▶ **YOUR GOAL**: Exactly the lines below starting at the line with "Princess Trendy Play" and ending at the line with "Straight outta Palestine: The" are wanted, with both ends included. Leave out the pictures and add no other lines.

▶ **DATA SHOWN**:
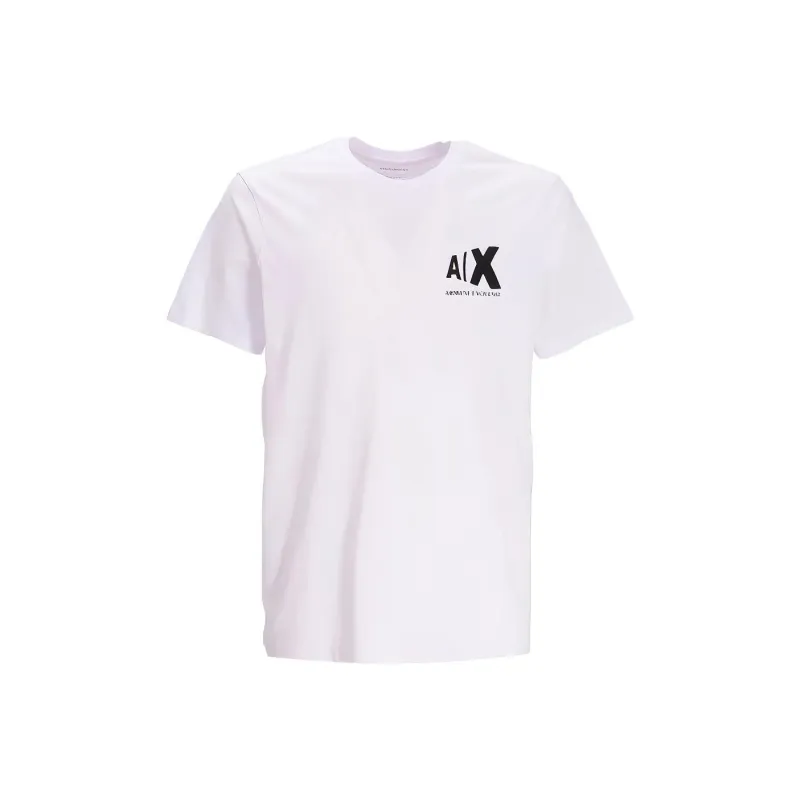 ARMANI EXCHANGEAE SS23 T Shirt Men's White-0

...

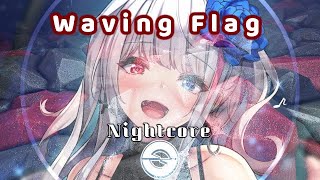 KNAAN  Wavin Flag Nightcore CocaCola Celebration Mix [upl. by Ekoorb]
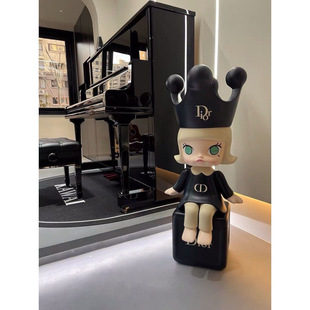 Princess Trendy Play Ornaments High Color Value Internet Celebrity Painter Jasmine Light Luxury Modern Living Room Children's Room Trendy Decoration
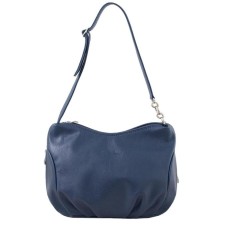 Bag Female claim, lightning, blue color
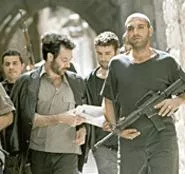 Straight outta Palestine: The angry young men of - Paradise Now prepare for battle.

...

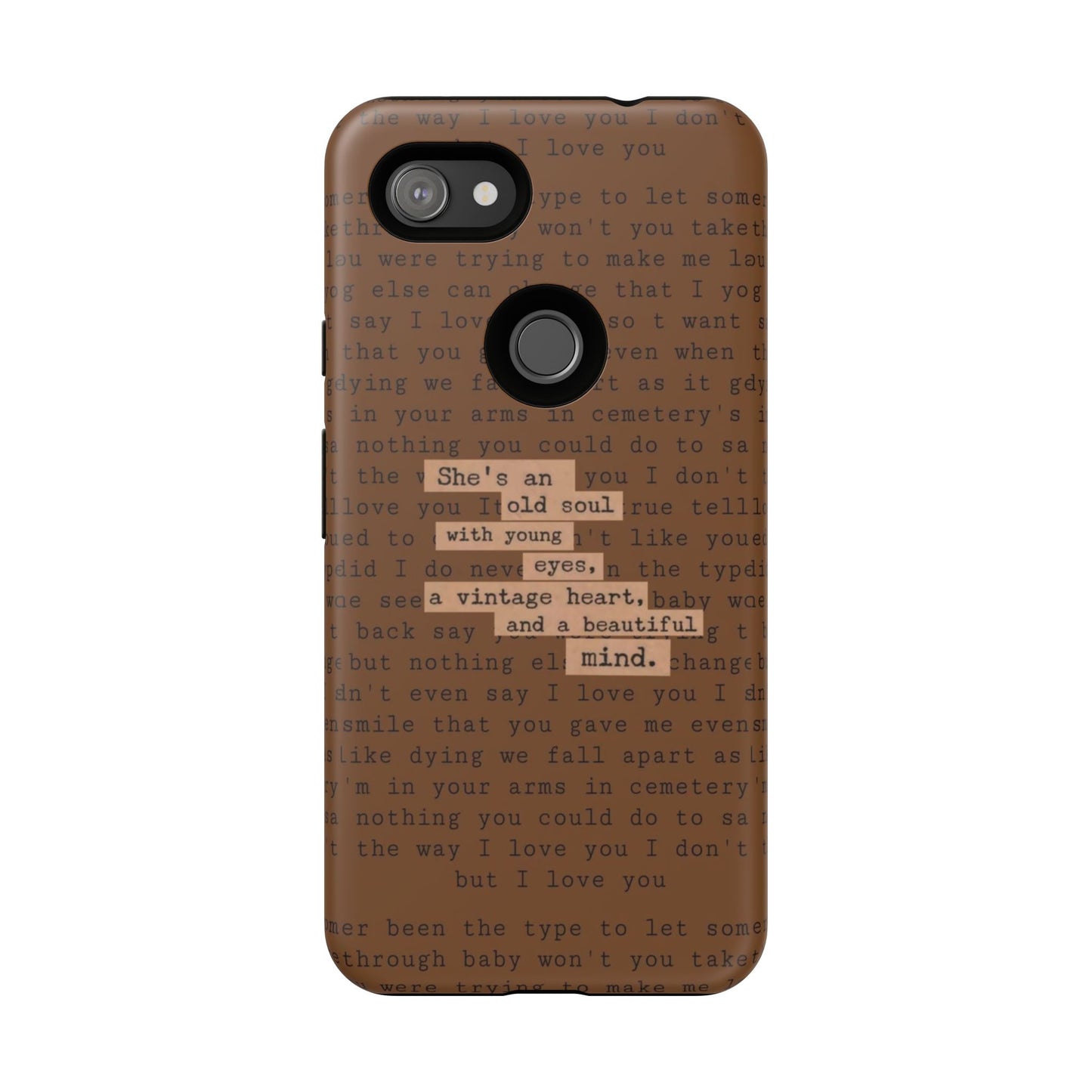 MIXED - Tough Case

▶ **REPLY**:
 Princess Trendy Play Ornaments High Color Value Internet Celebrity Painter Jasmine Light Luxury Modern Living Room Children's Room Trendy Decoration
 Bag Female claim, lightning, blue color
 Straight outta Palestine: The angry young men of - Paradise Now prepare for battle.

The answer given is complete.